Apakah Khitbah atau lamaran adalah wajib?

Menikah adalah suatu momen yang sangat istimewa yang terjadi pada diri manusia. Dengan menikah sesuatu yang dulu dilarangpun akhirnya bisa bernilai ibadah, oleh karenanya menikah sangat dinanti oleh para muda-mudi yang telah baligh.

Apakah Khitbah (lamaran) diwajibkan?

Pinangan (meminang/melamar) atau khitbah dalam bahasa Arab, merupakan pintu gerbang menuju pernikahan. Khitbah menurut bahasa bukanlah perkawinan. Ia hanya merupakan mukaddimah (pendahuluan) bagi perkawinan dan pengantar kesana. Khitbah merupakan proses meminta persetujuan pihak wanita untuk menjadi istri kepada pihak lelaki atau permohonan laki-laki terhadap wanita untuk dijadikan bakal/calon istri.

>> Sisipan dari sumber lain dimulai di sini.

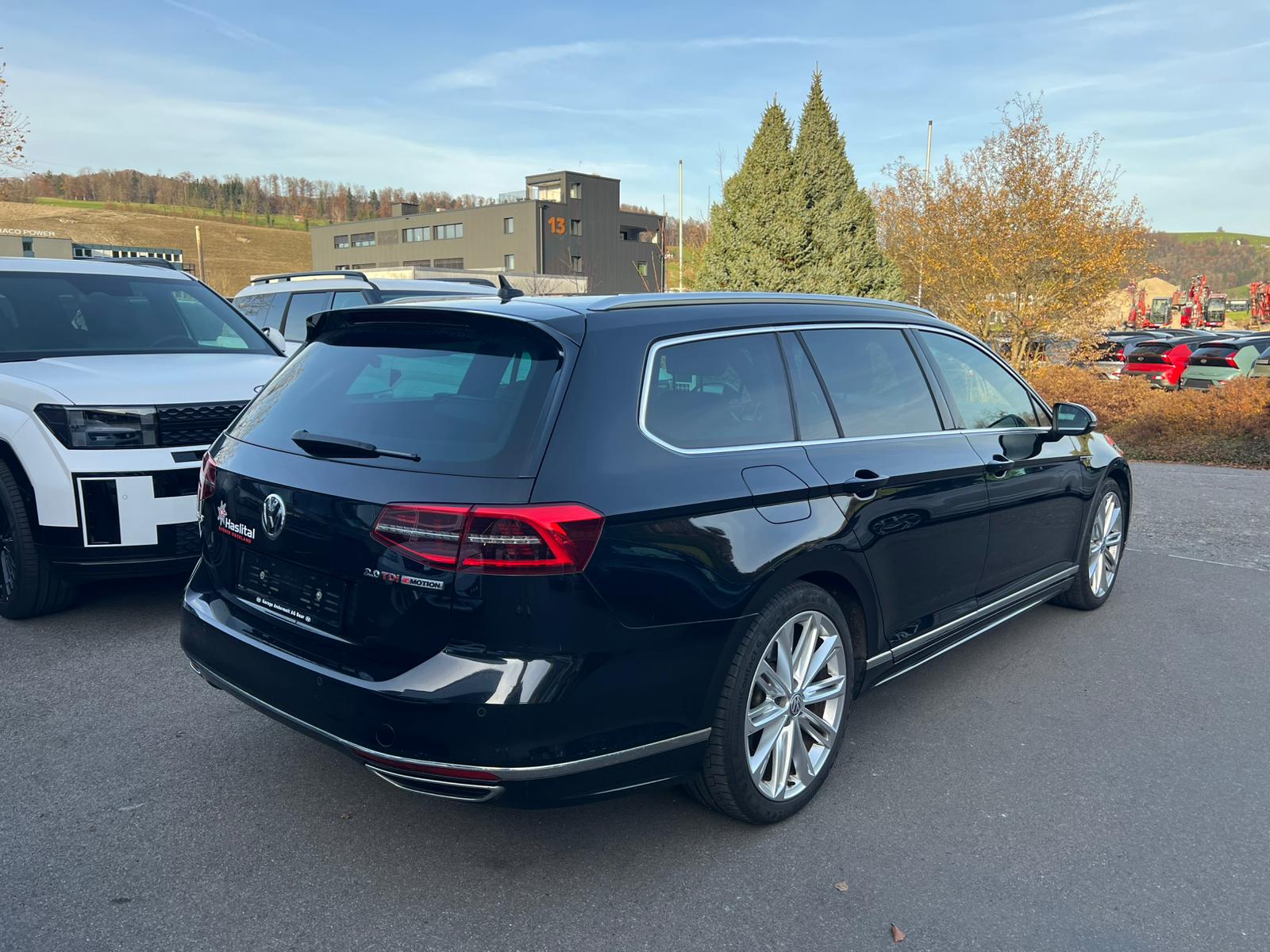 VW Passat Variant 2.0 TDI BMT High. DSG 4Motion-image-3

Khitbah sifatnya tidak wajib. Dikarenakan pernikahan pun merupakan sunnah.

Landasan syariat Khitbah (tunangan)

”Dan tidak ada dosa bagi kamu meminang wanita-wanita itu dengan sindiran atau kamu menyembunyikan (keinginan mengawini mereka) dalam hatimu…”(Al-Baqarah: 235).

Seluruh kitab dan kamus bahasa Arab membedakan antara kata-kata “khitbah” (melamar) dan “zawaj” (menikah). Demian juga adat/kebiasaan membedakan antara lelaki yang sudah meminang (bertunangan) dengan yang telah menikah; dan syari’at pun membedakan secara jelas antara kedua istilah tersebut.

Karena itu, khitbah tidak lebih dari sekedar mengumumkan keinginan untuk menikah dengan wanita tertentu, sedangkan zawaj (pernikahan) merupakan akad yang mengikat dan perjanjian yang kuat yang mempunyai batas-batas, syarat-syarat, hak-hak, dan akibat-akibat tertentu.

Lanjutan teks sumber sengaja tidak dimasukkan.